After finishing that pillow project, I found myself thinking a lot about samplers—those carefully stitched pieces young women made in the 17th and 18th centuries. I remembered scenes from a show I’d watched, where women embroidered samplers by firelight, their needles moving with quiet precision. So, I started reading about them.
Samplers were more than decoration. In those times, when girls weren’t allowed to go to school, stitching was both an education and a message. Through needle and thread, they learned literacy—the alphabet, numbers, Bible verses. Each sampler was a lesson plan and a life résumé, proving a girl’s skill, obedience, and piety. Those small rectangles of cloth were public announcements: I am capable. I am modest. I am ready for the life expected of me.

That realization caught me off-guard, because what I want from my art now is almost the opposite of that.
I used to be a meticulous embroiderer—learning every decorative stitch, mastering symmetry, perfection, harmony. But now, I crave crooked lines, uneven seams, mismatched colors. I want the mistakes to show, because they’re honest. My work has become a quiet rebellion—a declaration that imperfection is not just acceptable, but beautiful.

It’s funny that I’ve chosen samplers, a form once meant to prove virtue and discipline, as the place to be messy and uncontained.
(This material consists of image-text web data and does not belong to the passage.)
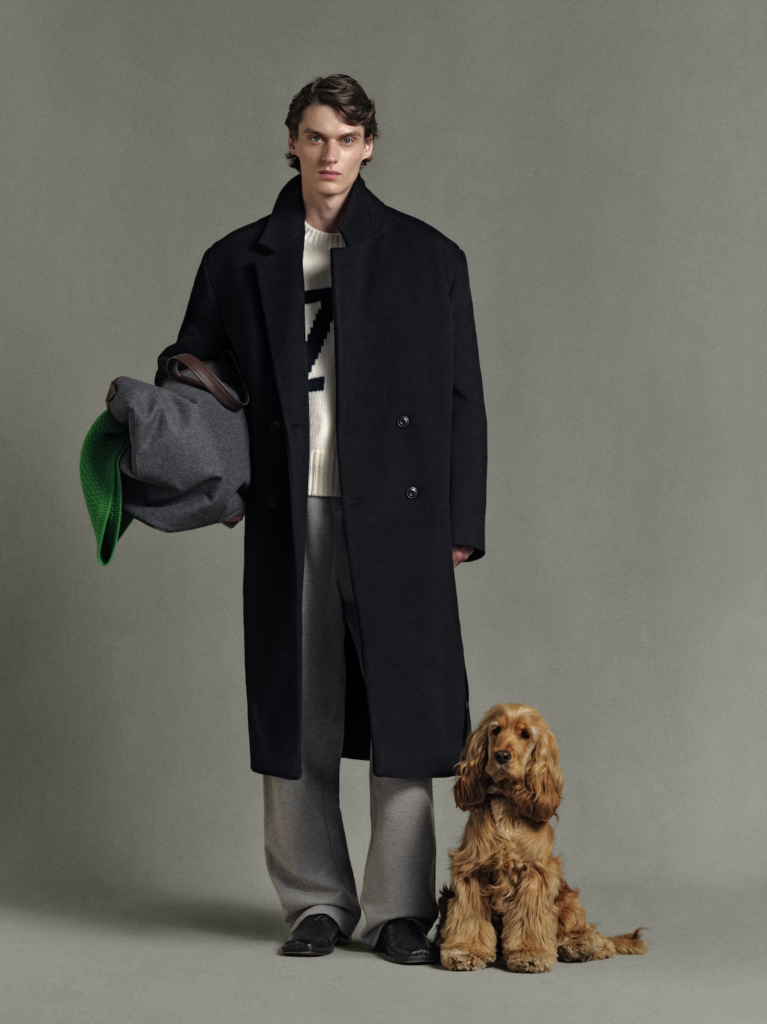 A model wears an overcoat from the Daniel Simmons Autumn/Winter 2025 collection.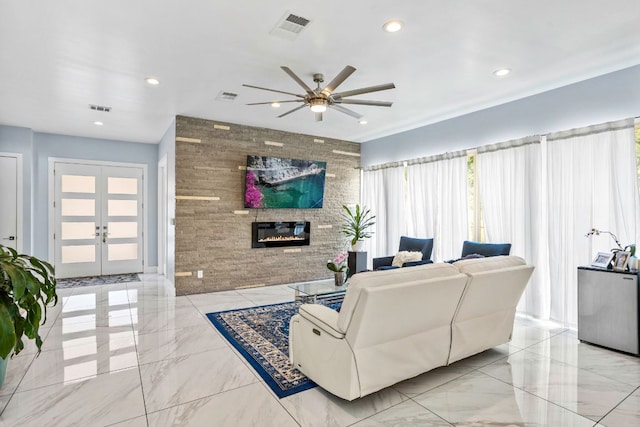 14430 Tuscola Cir, Austin, TX 78734 - living area featuring a ceiling fan, marble tiled flooring, french doors, a fireplace, and recessed lighting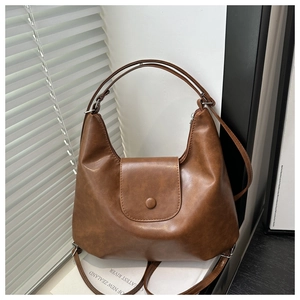 Dettaglio della borsa hobo marrone in pelle PU vintage con fibbia magnetica su bianco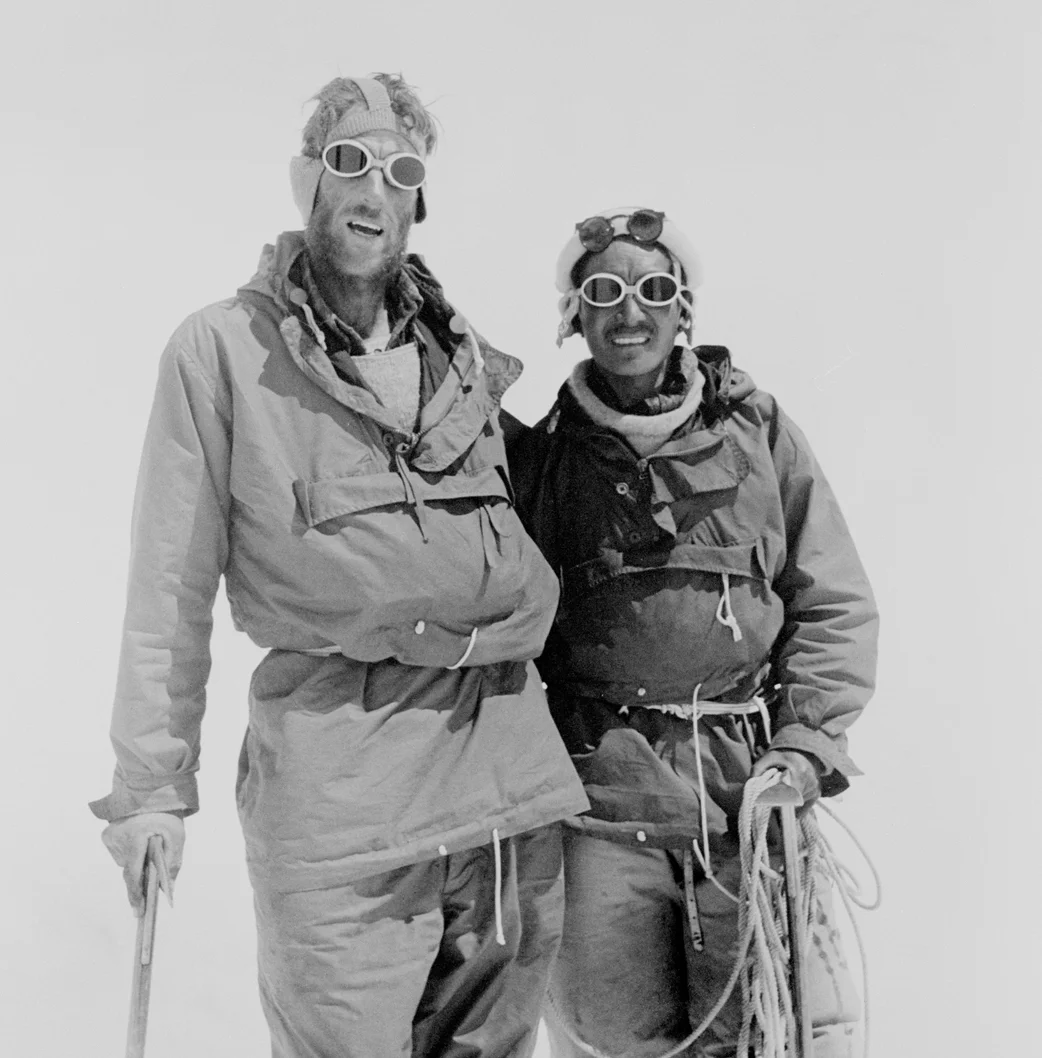 Hillary and Tenzing Norgay at Camp IV after their ascent of Everest. Photograph courtesy of The Royal Geographic Society (with IBG) .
Each piece I make now feels like a small act of freedom and rebellion.
I’ve never been especially pious, unless standing under a massive oak tree and feeling awe counts as prayer. I’ve never been a model of morality, unless fighting for what I believe in counts as virtue.
These days, I’m less interested in being “good” at something and more interested in being experimental. I no longer want to fit myself into someone else’s pattern or expectation. So I keep stitching my small, imperfect samplers—each one full of authenticity, curiosity, and grace.
Every crooked line feels like a reminder: beauty doesn’t live in perfection. It lives in the human hand that keeps going.